Start of Block

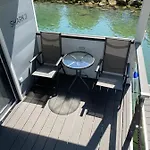 Floating House Arena 3 * Póla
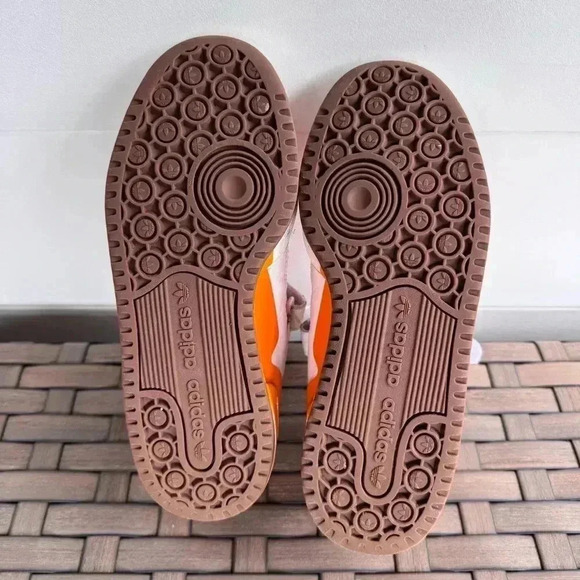 adidas M&M'S Brand Forum Low 84 Velcro Laces Shoes‎ Youth Size 3.5 - Picture 6 of 11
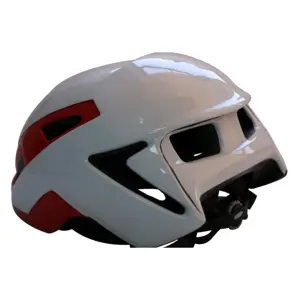 Accesorios de bicicleta baratos casco de ciclista adulto casco de conducción de bicicleta de montaña diseño colorido para hombres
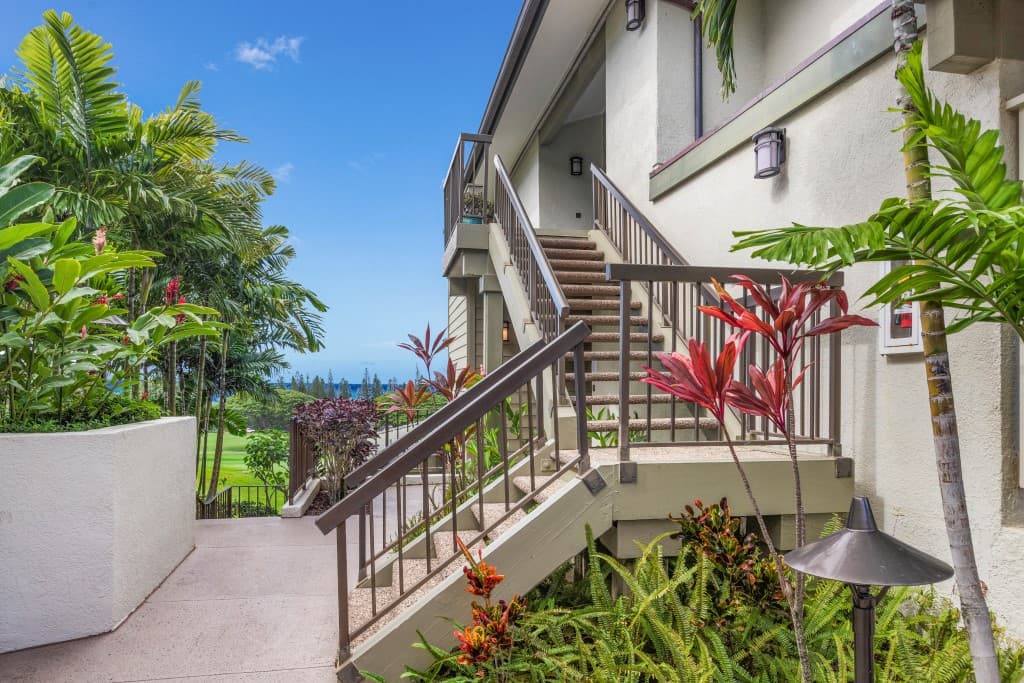 Villa in Lahaina · ★5.0 · 1 bedroom · 1 bed · 1.5 baths - Photo 2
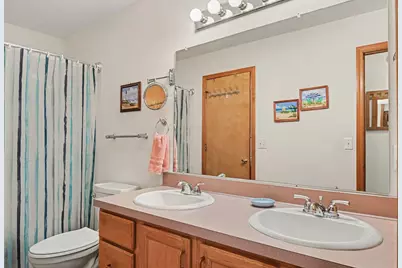 104 Orchard Drive, South Haven, MI 49090 - Photo 16
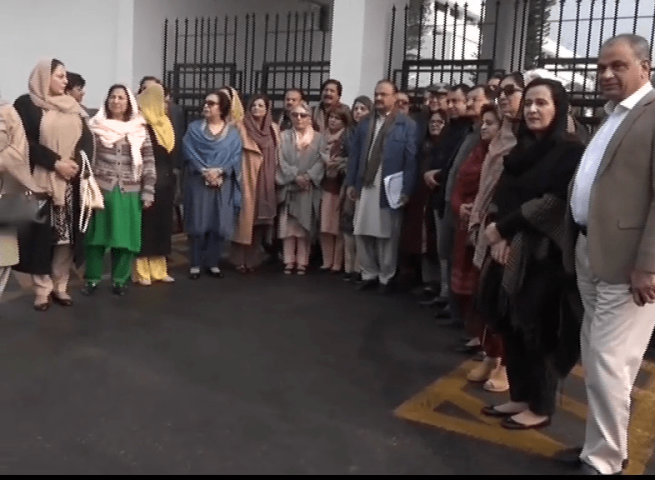 PTI MNAs protest at NA speaker&rsquo;s residence after Parliament closed for 4 days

End of Block

• _Problem details_: Write out the material above without changing a word, and skip any picture.

• _Exercise solution_:
 Floating House Arena 3 * Póla
 adidas M&M'S Brand Forum Low 84 Velcro Laces Shoes‎ Youth Size 3.5 - Picture 6 of 11
 Accesorios de bicicleta baratos casco de ciclista adulto casco de conducción de bicicleta de montaña diseño colorido para hombres
 Villa in Lahaina · ★5.0 · 1 bedroom · 1 bed · 1.5 baths - Photo 2
 104 Orchard Drive, South Haven, MI 49090 - Photo 16
 PTI MNAs protest at NA speaker&rsquo;s residence after Parliament closed for 4 days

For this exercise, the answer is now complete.